Segment Start: Supplied records

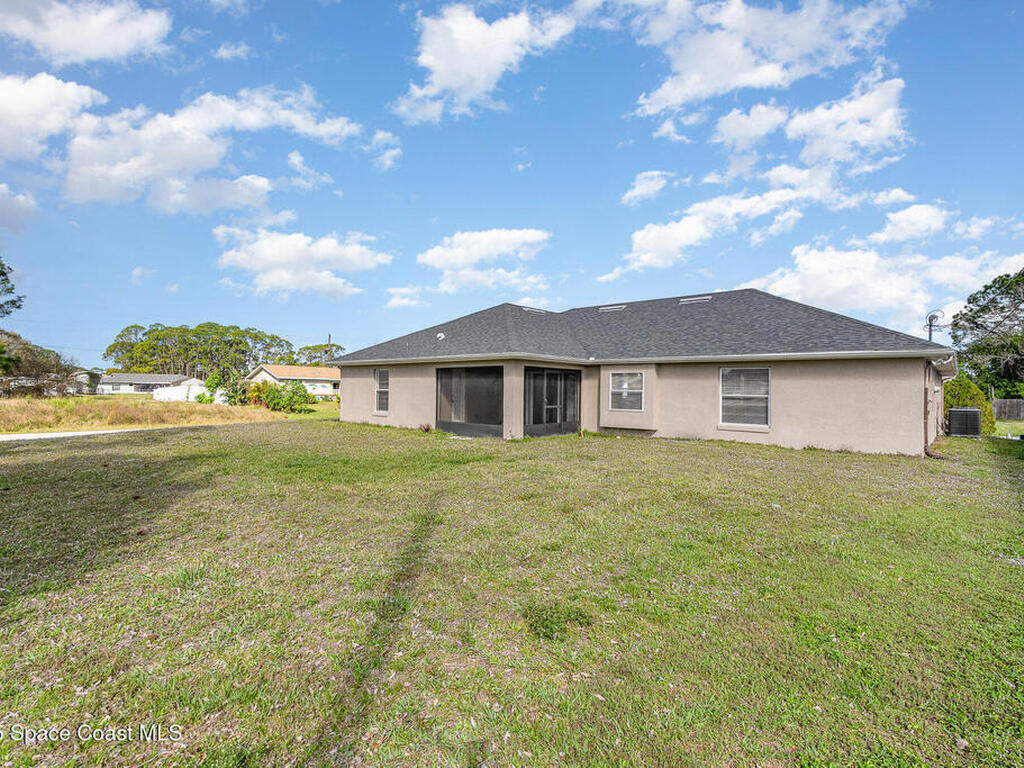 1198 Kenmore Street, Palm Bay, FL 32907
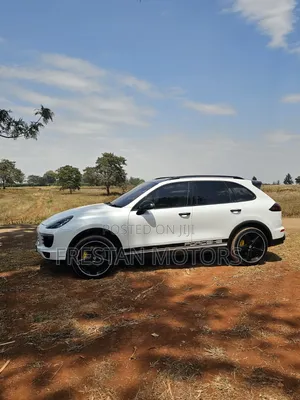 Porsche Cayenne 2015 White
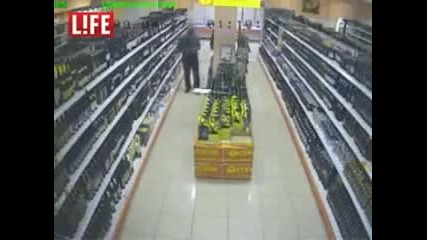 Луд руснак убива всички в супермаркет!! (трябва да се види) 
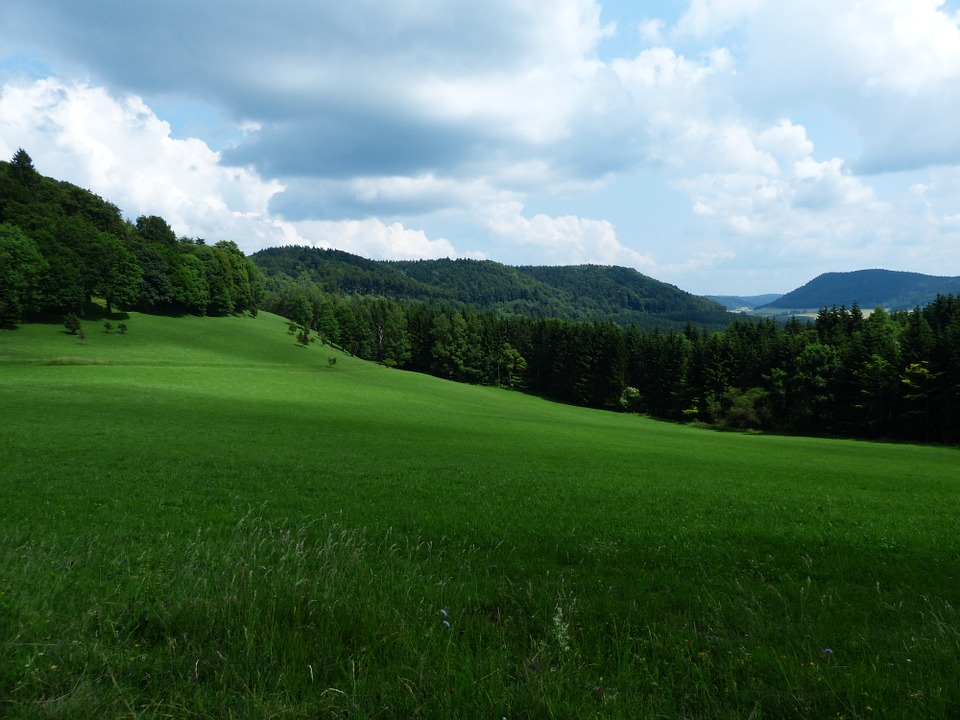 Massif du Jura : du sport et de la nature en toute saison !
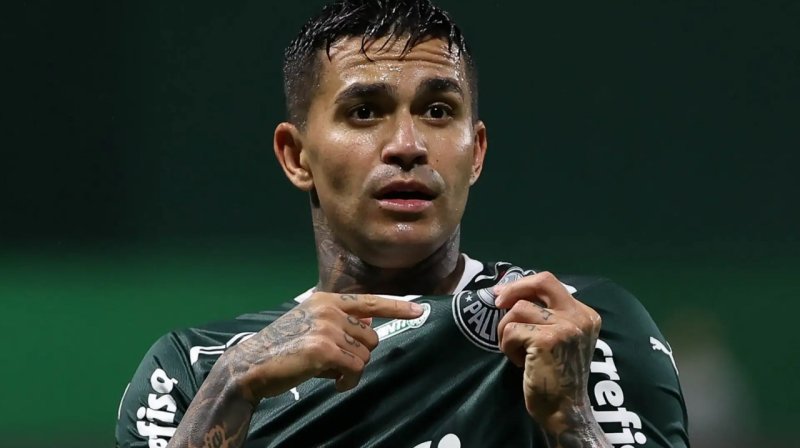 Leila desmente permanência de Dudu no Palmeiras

Segment End: Supplied records
Segment Start: Supplied records

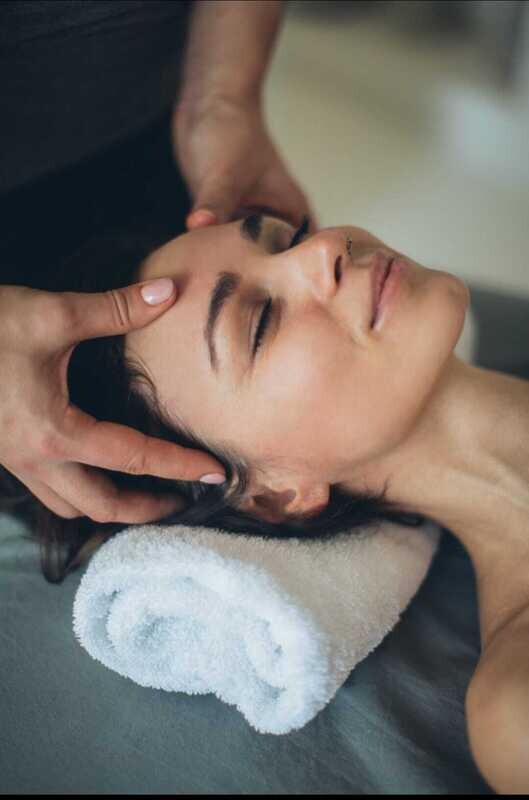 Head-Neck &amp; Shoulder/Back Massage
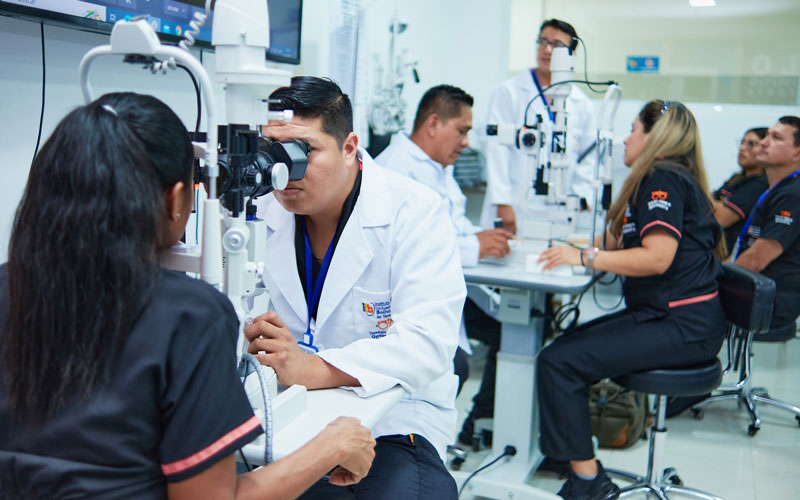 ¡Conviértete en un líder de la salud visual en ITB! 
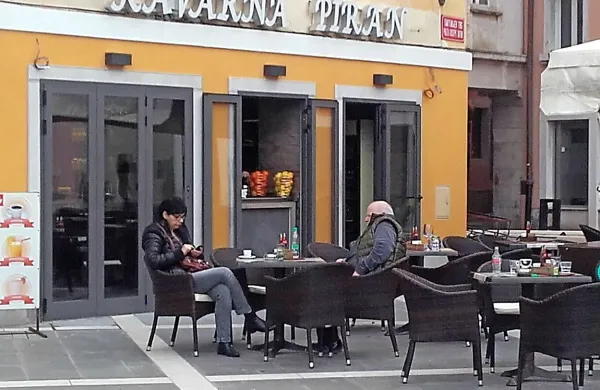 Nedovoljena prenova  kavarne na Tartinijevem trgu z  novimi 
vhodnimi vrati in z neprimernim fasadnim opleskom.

Segment End: Supplied records
Segment Start: Supplied records

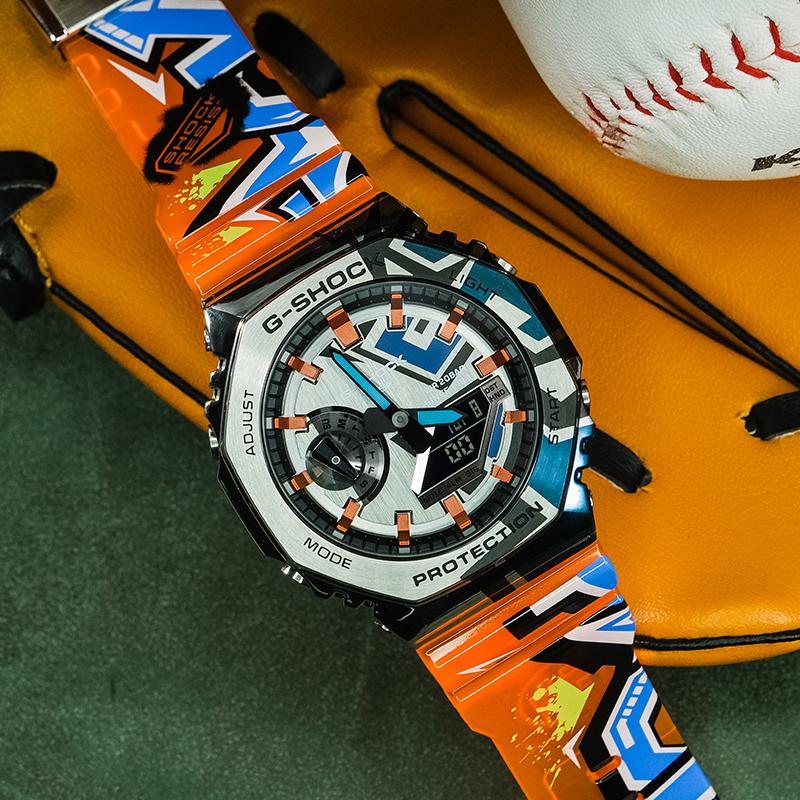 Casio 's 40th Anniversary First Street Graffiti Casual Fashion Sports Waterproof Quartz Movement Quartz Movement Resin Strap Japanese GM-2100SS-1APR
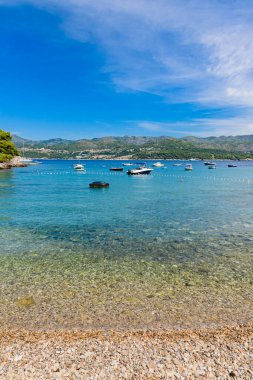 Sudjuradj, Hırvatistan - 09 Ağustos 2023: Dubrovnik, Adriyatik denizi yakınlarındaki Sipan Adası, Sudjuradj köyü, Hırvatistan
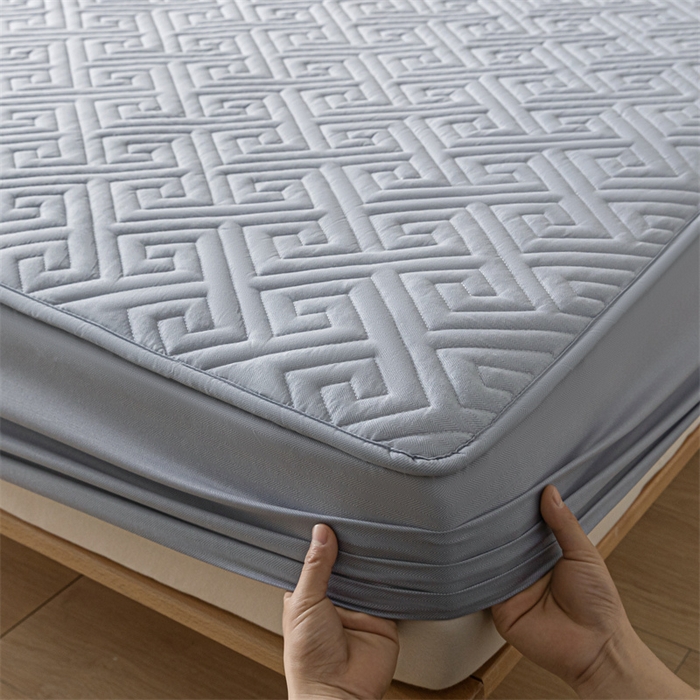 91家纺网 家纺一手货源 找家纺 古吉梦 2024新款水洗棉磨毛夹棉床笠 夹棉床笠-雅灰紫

Segment End: Supplied records

> Exercise brief:
Among the entries above, take the lines from the one with "Porsche Cayenne 2015 White" through the one with "Leila desmente permanência" and retype them exactly, leaving out the pictures.

> Solution to this task:
 Porsche Cayenne 2015 White
 Луд руснак убива всички в супермаркет!! (трябва да се види) 
 Massif du Jura : du sport et de la nature en toute saison !
 Leila desmente permanência de Dudu no Palmeiras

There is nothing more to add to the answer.